About

Benjamin Du Preez

I'm a pragmatic software engineer focused on where systems meet humans, with a love of beautiful design and a drive to do meaningful work.

I'm currently a senior software engineer at Flock Safety, where I act as lead on my team. Flock helps solve 700k+ crimes annually; my team focuses on the accountability layer that helps agencies ensure it's done right. We build transparency portals, granular sharing controls, purpose-based search filters, and audit trails. In my role I have the rare opportunity to ship code that protects life, property, and liberty.

Along the way I helped set up our design system and tried to popularize good patterns. I love working with Product/UX, and writing tickets almost as much as writing code. But building a team that generates good work is my ultimate goal.

Outside of engineering, I have a casual interest in a variety of topics, including: architecture, design, cities, economics, and financial markets. The common thread between these is perhaps this: at their best, they have a capacity for self-improvement. Great design, products, and architecture evolve over time as creative new ideas emerge and only the best ones are kept. And the most successful companies and economies are those with the cultures and markets that embrace this process. Those with dynamism.

Codebases are the same. They evolve over time to find solutions to customer problems. Good ones compress that knowledge into code concisely. They are structured to make it easy to spread good ideas and hard to keep bad ones (it's no coincidence that the idea of a "design pattern" originated with an architect and town planner, Christopher Alexander). And the best companies and teams are those with the culture that encourage this process to take place — they generate good codebases.

I am deeply optimistic about the human capacity for progress. Life will always be full of problems, but, unless they defy the laws of physics, none of them are unsolvable. As the application of knowledge to solving problems, technology is humanity's ultimate superpower. To me, startups are one of the best ways to put this superpower to work. One day, I'd like to start one myself.

I attended college in beautiful South Africa and grad school in the dynamic United States, where I still live.
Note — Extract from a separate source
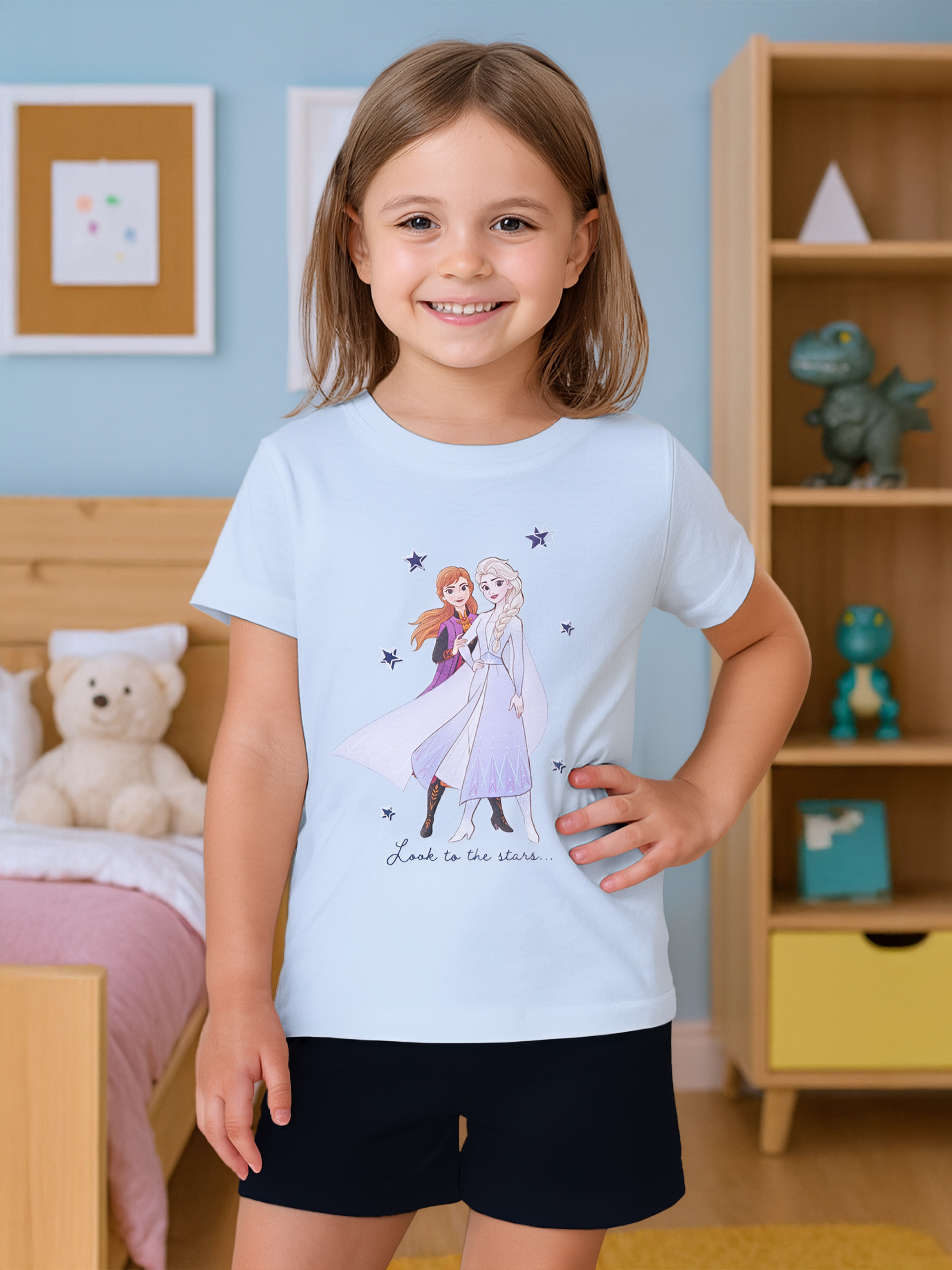 Ein Mädchen in einem hellblauen T-Shirt mit Frozen-Aufdruck steht vor einem Bett.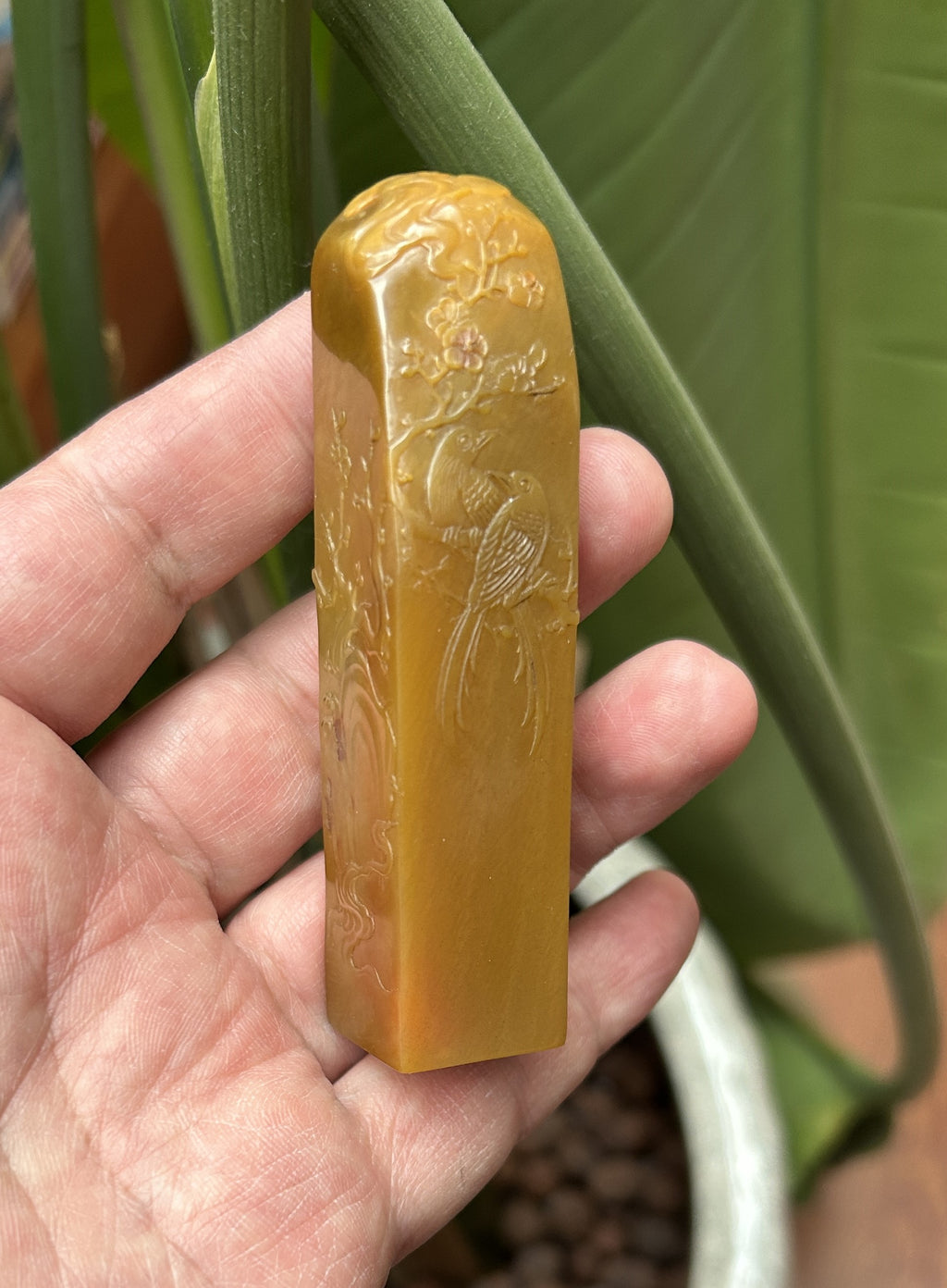 Lao Bei Bu Tian Huang Shi tall rectangle seal blank 2x2x8.5cm hand engraved floral bird relief studio shot held in hand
The move reinforced something I'd long suspected: that environments matter enormously, and that moving is one of the highest-leverage decisions you can make.

I call myself a "life-beginner" because I think that's the right orientation. It allows me to stay dynamic. There's always more to understand, more beauty to see, more ways to grow. The alternative — thinking you've figured it all out — seems both false and boring.

To this end, I enjoy traveling with my wife Meg, usually with my 35mm film camera in tow.